What looks on the surface to be merely white to the untrained eye is for the artist a subtle play of rich colors. In John Paul II’s Letter to Artists, he writes, “Not all are called to be artists in the specific sense of the term. Yet, as Genesis has it, all men and women are entrusted with the task of crafting their own life: in a certain sense, they are to make it a work of art, a masterpiece.” While Vermeer is speaking to Griet of nature, the point applies to our universal calling to be “moral artists” who craft lives of beauty: We must be willing to gaze long enough at reality, especially at other people, to see the myriad of texture and depth under the surface. Because by doing so, we come to see others as unique and lovable, and if more lovable, then easier to actually love. We practice this mode of seeing every time we engage in meditative prayer, where within our mind’s eye we attempt to gaze lovingly at God. We do so by taking time to really observe nature, as Griet does with the clouds. We do so by reading literature and philosophy, or gazing at a work of art or listening to music, and then taking the time to think deeply about what we just encountered. We also do so by approaching people we don’t want to approach, people who annoy or bother or bore us, and doing our best to be curious about and present to them.

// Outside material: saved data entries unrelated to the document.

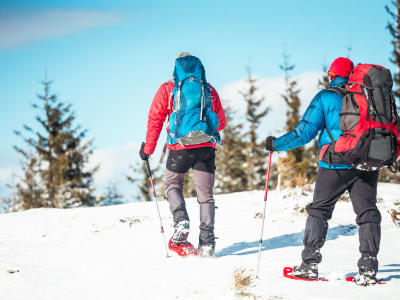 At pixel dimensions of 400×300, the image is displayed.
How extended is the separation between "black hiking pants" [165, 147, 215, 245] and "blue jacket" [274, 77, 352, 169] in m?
1.35

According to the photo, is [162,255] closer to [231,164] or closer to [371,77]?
[371,77]

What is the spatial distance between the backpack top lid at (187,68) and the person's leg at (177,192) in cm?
91

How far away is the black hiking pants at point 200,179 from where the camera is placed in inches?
196

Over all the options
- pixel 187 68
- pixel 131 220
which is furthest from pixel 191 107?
pixel 131 220

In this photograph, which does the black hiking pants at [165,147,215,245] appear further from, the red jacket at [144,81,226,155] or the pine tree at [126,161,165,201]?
the pine tree at [126,161,165,201]

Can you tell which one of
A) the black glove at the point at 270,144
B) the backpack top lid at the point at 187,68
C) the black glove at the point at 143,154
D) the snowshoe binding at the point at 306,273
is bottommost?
the snowshoe binding at the point at 306,273

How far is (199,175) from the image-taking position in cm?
505

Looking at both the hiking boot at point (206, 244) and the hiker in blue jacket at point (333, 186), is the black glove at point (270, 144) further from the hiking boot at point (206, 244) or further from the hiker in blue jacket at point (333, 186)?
the hiking boot at point (206, 244)

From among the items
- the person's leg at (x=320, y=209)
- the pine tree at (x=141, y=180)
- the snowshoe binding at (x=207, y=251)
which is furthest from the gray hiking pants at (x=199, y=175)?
the pine tree at (x=141, y=180)

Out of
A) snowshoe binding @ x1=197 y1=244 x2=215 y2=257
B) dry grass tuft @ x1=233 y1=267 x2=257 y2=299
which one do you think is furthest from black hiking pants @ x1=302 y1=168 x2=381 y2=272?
snowshoe binding @ x1=197 y1=244 x2=215 y2=257

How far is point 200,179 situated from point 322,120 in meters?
1.78

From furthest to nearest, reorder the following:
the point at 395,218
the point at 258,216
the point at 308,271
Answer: the point at 258,216
the point at 395,218
the point at 308,271

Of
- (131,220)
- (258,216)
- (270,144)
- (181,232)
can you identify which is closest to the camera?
(270,144)

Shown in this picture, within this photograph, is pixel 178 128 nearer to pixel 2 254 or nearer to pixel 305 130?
pixel 305 130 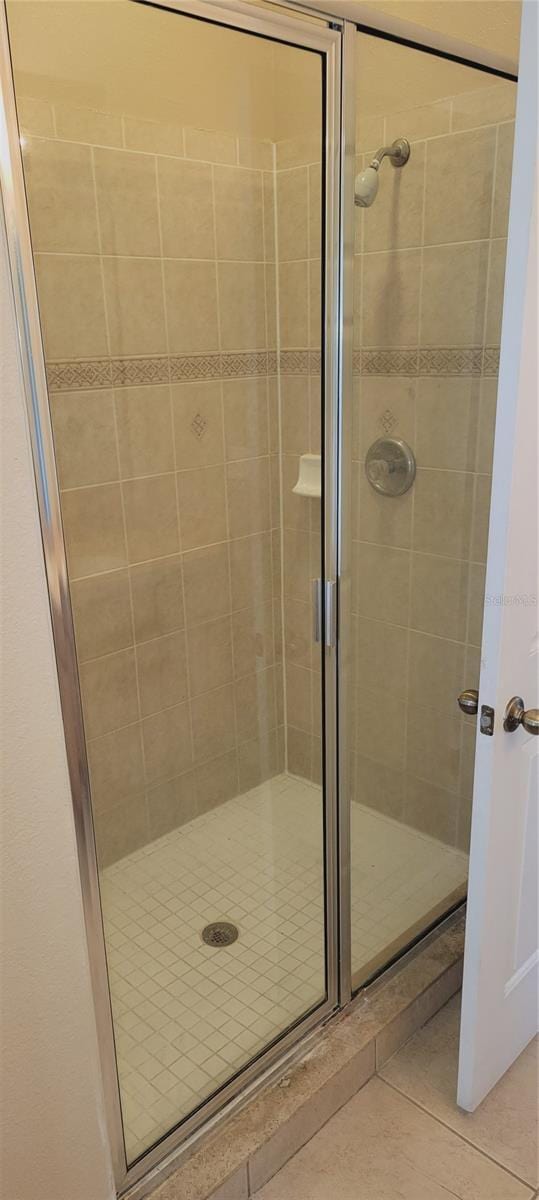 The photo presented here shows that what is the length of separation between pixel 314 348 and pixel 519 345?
0.53 m

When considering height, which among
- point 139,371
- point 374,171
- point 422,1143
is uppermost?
point 374,171

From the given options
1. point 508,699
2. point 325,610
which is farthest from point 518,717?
point 325,610

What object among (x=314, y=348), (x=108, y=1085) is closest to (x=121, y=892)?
(x=108, y=1085)

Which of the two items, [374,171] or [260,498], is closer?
[374,171]

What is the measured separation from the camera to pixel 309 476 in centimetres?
169

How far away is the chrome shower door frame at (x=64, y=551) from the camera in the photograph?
3.06 ft

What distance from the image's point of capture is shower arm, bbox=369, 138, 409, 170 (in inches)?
60.4

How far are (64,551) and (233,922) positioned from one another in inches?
45.8

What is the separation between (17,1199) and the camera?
120 cm

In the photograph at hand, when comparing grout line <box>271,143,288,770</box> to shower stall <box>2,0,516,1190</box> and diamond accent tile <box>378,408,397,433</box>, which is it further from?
diamond accent tile <box>378,408,397,433</box>

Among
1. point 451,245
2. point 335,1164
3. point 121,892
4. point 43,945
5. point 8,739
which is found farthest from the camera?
point 451,245

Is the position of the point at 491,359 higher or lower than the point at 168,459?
higher

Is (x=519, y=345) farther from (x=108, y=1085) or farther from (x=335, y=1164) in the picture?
(x=335, y=1164)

On the other hand, we’re certainly not doing this when we scroll through YouTube influencer videos, binge another forgettable, flat-charactered Netflix show, or ask ChatGPT to tell us what the “meaning” of a book is that we’d rather not put the effort into reading. These things have their place, I guess, and sometimes we need to just be entertained or “veg out” or whatever. But if this is all we’re doing, then we’re training ourselves to expect instant reward that requires no sustained attention, patience, or virtue. Really seeing others, be they flat or round characters in the stories of our lives, is hard: It takes time, patience, and a willingness to forgo immediate rewards. But the more we do it, the better we become at apprehending reality: the better we become at beholding others in love. And the better we get at that, the more prepared we will be for seeing and loving God for all eternity.